Things from the Town: Artefacts and Inhabitants in Viking-age Kaupang edited by Dagfinn Skre, a Professor of Archaeology at the Museum of Cultural History at the University of Oslo in Norway, is a collection of academic essays about Viking Age archaeological finds, free for a limited time courtesy of publisher the Aarhus University Press in Denmark.
This is the 3rd volume in the Kaupang Excavation Project series collecting academic essays pertaining to an extensive project from the University about the excavations carried out on the eponymous Viking Age marketplace excavation site in Norway. This volume covers assorted uncovered artifacts and their relation to the inhabitants’ daily lives and wider world. It’s very comprehensive volume , and not only showcases assorted finds of metalwork, precious jewellery, glassware, textiles, and more, but also placing them in context in the townspeoples’ lives of how they were made locally or acquired via trade, etc.

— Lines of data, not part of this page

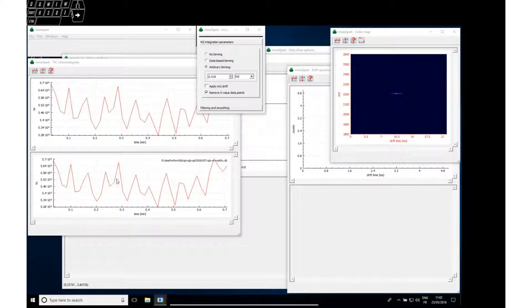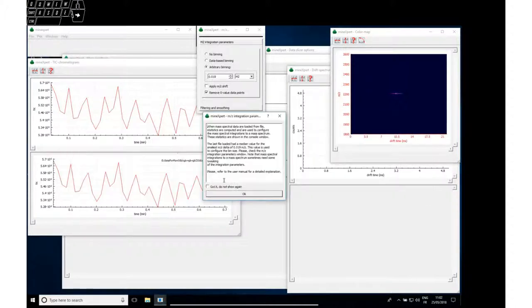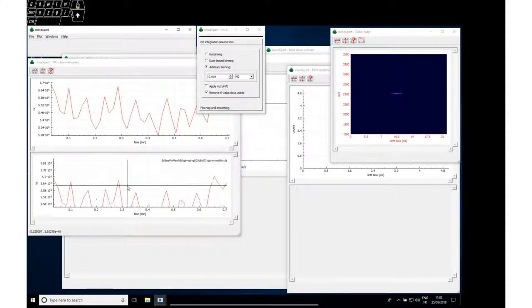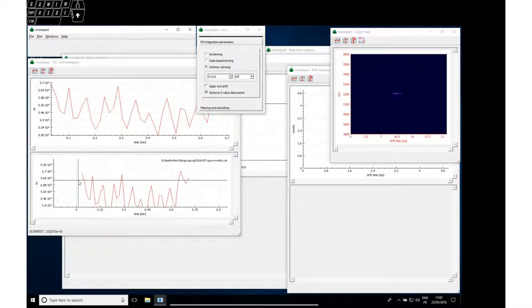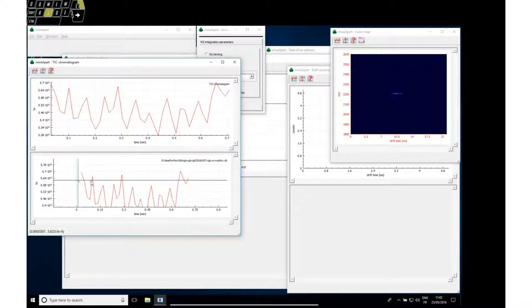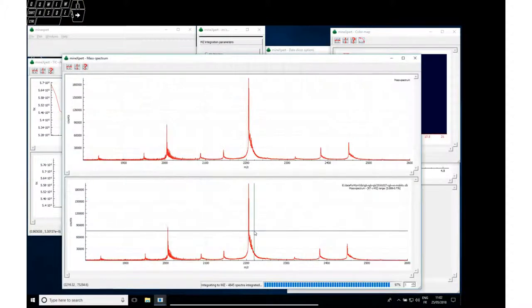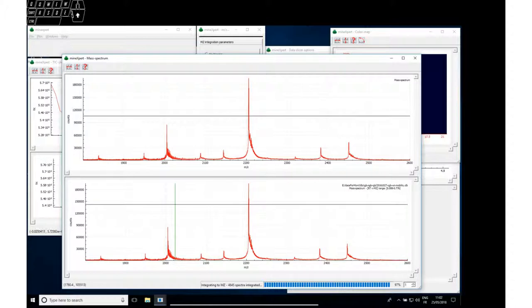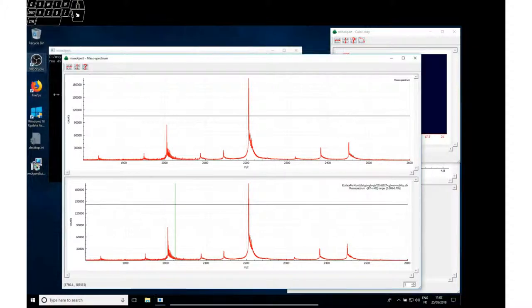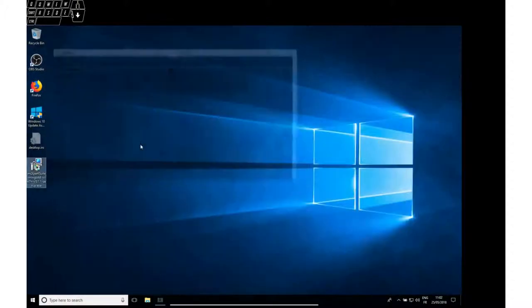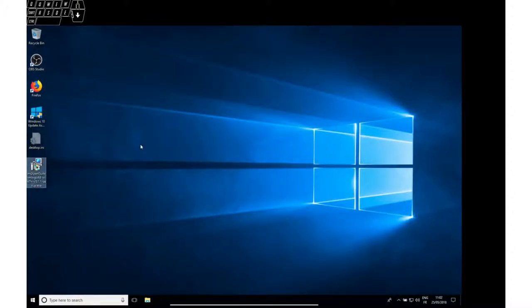Let's check this. Let's perform a mass spec integration. Perfect. The software works. So now you have a functional MS Expert Suite software environment.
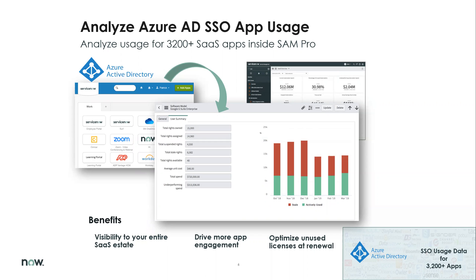We can also reduce costs by optimizing user access to applications based on usage trends. These updates provide broad visibility to a large number of applications managed by Azure AD. This mitigates the requirement for a large number of direct integrations for quicker time to value. Azure AD is the most popular SSO technology for enterprise organizations. The integration can provide user access and user login activity for applications under management.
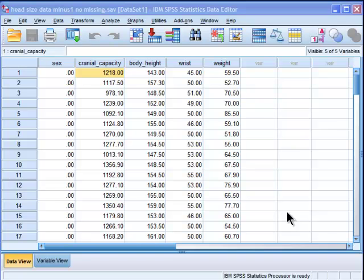Hi, welcome to HowToStats.com. In this video, I'm going to demonstrate how to perform an analysis of covariance, or ANCOVA, in SPSS.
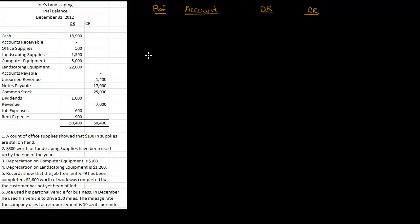Adjusting entries will either tell you the new balance in the account or how much the balance has changed. So you need to make sure that you watch the wording to make sure that you make your journal entry for the correct amount. We're going to do these just like we did the regular entries, except these are our adjustments.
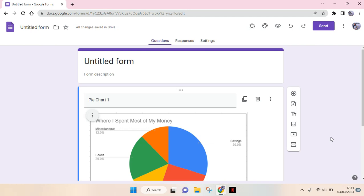In here I haven't added an image header yet. To add it, you can just go to the customize theme options at the top right here.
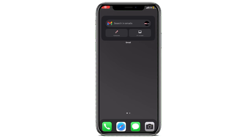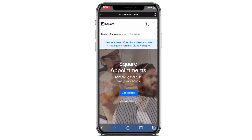If you're new to the Square application, welcome back to the channel. In this video, I'll be showing you how to book an appointment through the Square application or website. Let's start this video without any further delay and I will let you know how to book a successful appointment through Square.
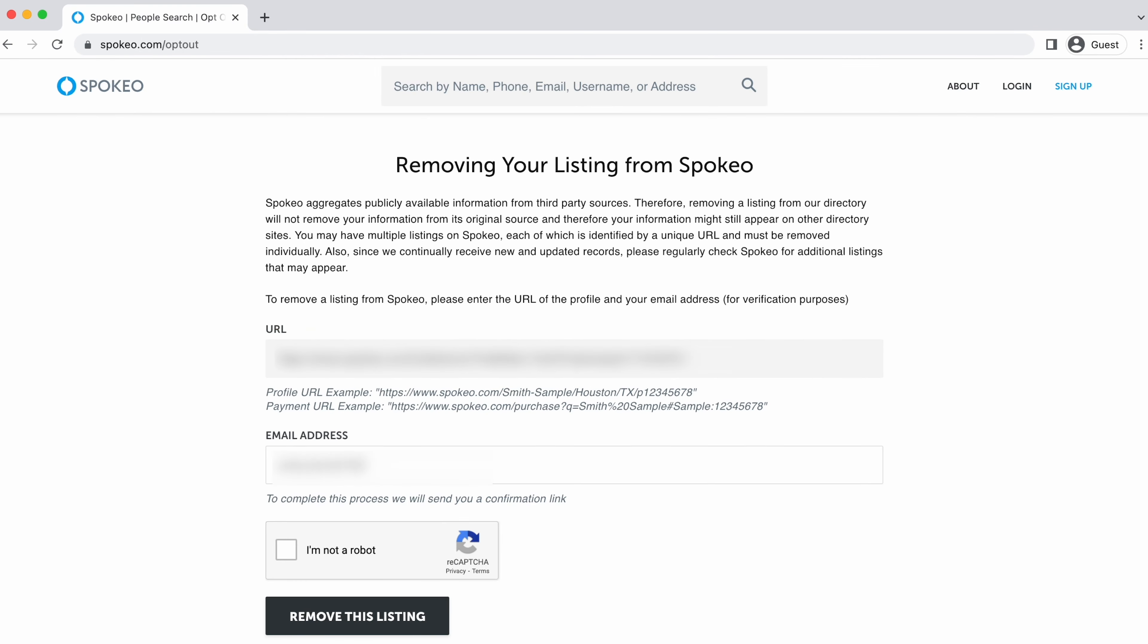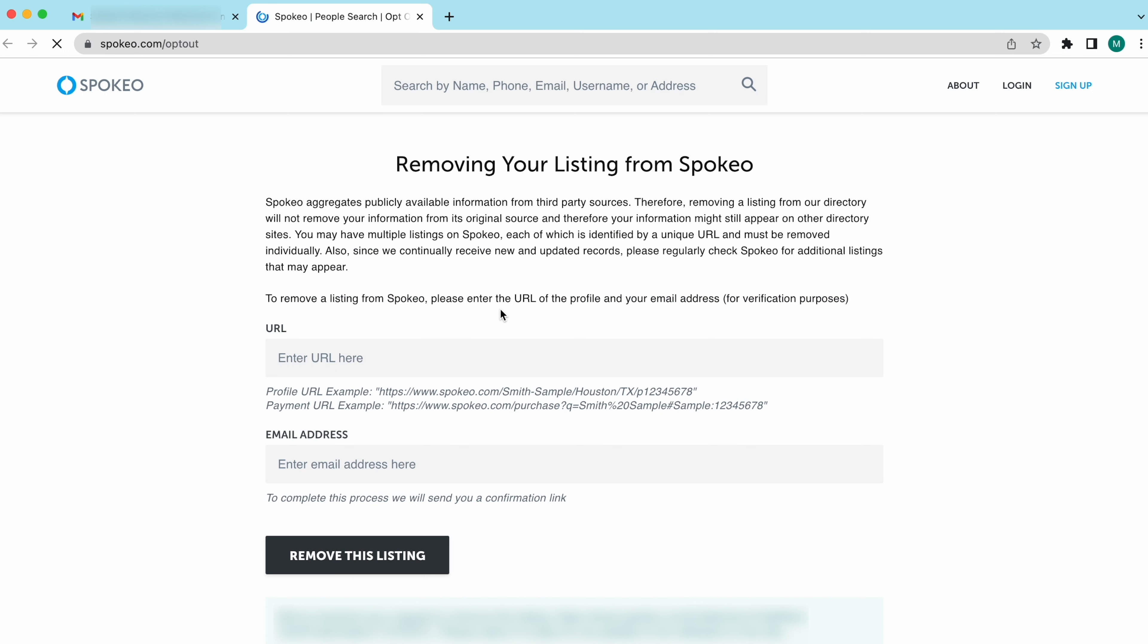Check your inbox for a confirmation email from Spokio. Open it and click on the bottom link. You're all done. Spokio should remove your data within 72 hours.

Offered through the month of December, available worldwide DRM-free.
Free for a limited time, available worldwide throughout December as their featured English-language Free Book of the Month directly @ the university’s dedicated promo page (DRM-free PDF). You can also find more info about the book on its regular catalogue page.
NB: This is a ~45 file which you probably don’t want to download on a device that has data limits.
In this third volume deriving from the excavations of the Viking town of Kaupang of 2000-2003, a range of artefacts is presented along with a discussion of the town’s inhabitants: their origins, activities and trading connexions. The main categories of artefact are metal jewellery and ornaments, gemstones, vessel glass, pottery, finds of soapstone, whetstones and textile-production equipment. The artefacts are described and dated, and their areas of origin discussed. The volume is lavishly illustrated.
An exceptional wealth and diversity of artefacts distinguishes sites such as Kaupang from all other types of site in the Viking World. Above all, they reflect the fact that a large population of some 400-600 people lived closely together in the town, engaged in a comprehensive range of production and trade. The stratigraphically distinct layers from the first half of the 9th century allow us to put precise dates to the finds, and to the buildings and evidence of activities associated with them.